5 Facts About Unreleased Star Trek Movie Where Captain Kirk Fought Jesus!

3. Major Highlight

In any case, the highlight has one of a few screenplays Roddenberry wrote as Star Trek: The Motion Picture was being created.

One adaptation was a time travel story where the Enterprise group endeavors to stop the Kennedy assassination. Another was, well, here’s director Richard Colla with her statement:

“Gene showed me that treatment, which was much more daring than Star Trek: The Motion Picture would be.
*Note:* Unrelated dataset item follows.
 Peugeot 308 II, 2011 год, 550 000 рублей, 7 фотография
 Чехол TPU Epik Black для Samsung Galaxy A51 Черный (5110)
The Enterprise went off in search of that thing from outer space that was affecting everything,” he said. “By the time they got into the alien’s presence, it manifested itself and said, ‘Do you know me?’ Kirk said, ‘No, I don’t know who you are.’ It said, ‘Strange, how could you not know who I am?’ So it shift-changed and became another image and said, ‘Do you know me?’ Kirk said, ‘No, who are you?’ It said, ‘Strange, how could you not know who I am?’ So it shift-changed and came up in the form of Christ the carpenter, and says, ‘Do you know me?’ and Kirk says, ‘Oh, now I know who you are.’”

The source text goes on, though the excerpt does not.